Já para o agito noturno, sobretudo nas noites de quinta, sexta e sábado, a opção é entre as colônias Coyoacán e San Ángel. São muitos os endereços para diversão por lá, dependendo das preferências de cada um: casa noturna, casa de salsa, bar, boliche... Algumas dicas: o La Bipolar (Malintzin, 155) é um dos preferidos entre moradores de DF. O bar é do ator Diego Luna (do filme E sua mãe também) e serve inúmeras opções de cerveja nacionais e internacionais, bem acompanhadas pelos ceviches e tortillas da casa.
O Altavista 154 (Altavista, 154,), na área badaladinha de San Ángel, fica lotado nas noites de final de semana. O El Hijo del Cuervo, em Coyoacán (Francisco Sosa, 17), tem ambiente interessante, com ampla variedade de cervejas e porções. O Lamm (Alvaro Obregón, 99 esquina com Orizaba), numa das partes mais charmosas da colônia Roma, tem ambientes para diferentes tipos de visitantes.
E não deixe a vibrante capital mexicana sem tomar um táxi e rumar até o distante e encantador distrito de Xochimilco.
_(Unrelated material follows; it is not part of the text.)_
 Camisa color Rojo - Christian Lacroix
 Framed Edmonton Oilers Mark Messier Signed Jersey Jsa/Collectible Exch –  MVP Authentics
A região, co­nhecida localmente como “lugar das flores”, tem até hoje ruas charmosas, cobertas dos mais variados tipos de plantas e flores, cortadas por canais fluviais de fazer inveja a Amsterdã (na realidade, o que restou do antigo lago Xochimilco). Uma das atrações são os passeios de trajineras – barcos coloridos, típicos do local –, que podem incluir música e comida. Ainda há por lá atividades de agricultura ligada às chinampas, técnica de cultivo em canteiros flutuantes construídos em áreas lacustres, he­rança da antiga civilização asteca.
Bucólico, Xochimilco acabou virando o queridinho de chefs de cozinha e jovens estilistas e artistas plásticos, com uma série de galerias de artes e bons pequenos restaurantes aqui e ali. É o lugar perfeito para fechar uma viagem de descobertas na Cidade do México.